True peace must begin with an examination of our own hearts and motivations.
We can not hope to accomplish peace while we hold bitterness in our hearts against another. How then can we act justly while demonstrating the love and grace that we see in Christ? Jesus didn’t leave the disciples without instruction on this issue. Not only did Jesus teach his disciples that they should be peacemakers (Mt 5:9), but he also provides the perfect example in his life as he turned the other cheek and endured the violence of the cross. The Bible makes it clear that justice is an inseparable companion of peace (Isaiah 32:17; James 3:18). We hear the prophet’s call “let justice roll on like a river, righteousness like a never-failing stream!” (Amos 5:24)
Perfect peace with justice has only ever been fully met at the cross.
Through the cross the punishment for human sin was fully absorbed in the divine love of Jesus. He obediently endured the humiliation of the cross because he knew that God would accomplish a deep and lasting reconciliation with human-ity through his death. Paul explains this reconciliation at the cross saying:
“For He himself is our peace, who has made the two groups one and has destroyed the barrier, the dividing wall of hostility… His purpose was to create in himself one new humanity out of the two, thus making peace, and in one body to reconcile both of them to God through the cross, by which he put to death their hostility (Eph 4:14-16).”

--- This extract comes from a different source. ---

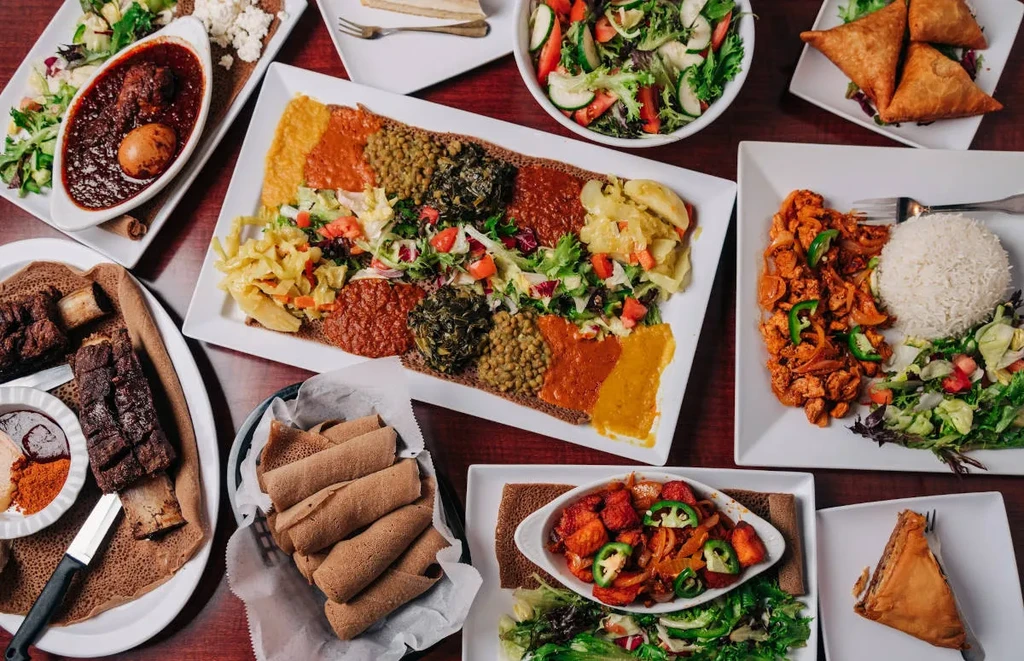 Large spread of colorful Ethiopian/Eritrean dishes with injera, stews, and sides.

For Christians the cross is the model of true reconciliation with one another.
Rther than insisting on retribution, we are called to pursue love, forgiveness, and non-violence. The way to find peace is to conform to the image of the cross. As we pursue Christ’s peace with others we bear witness to the power of the cross to overcome the barriers of hostility, hate, and violence. We stand in the hope that through Christ all things can be made new.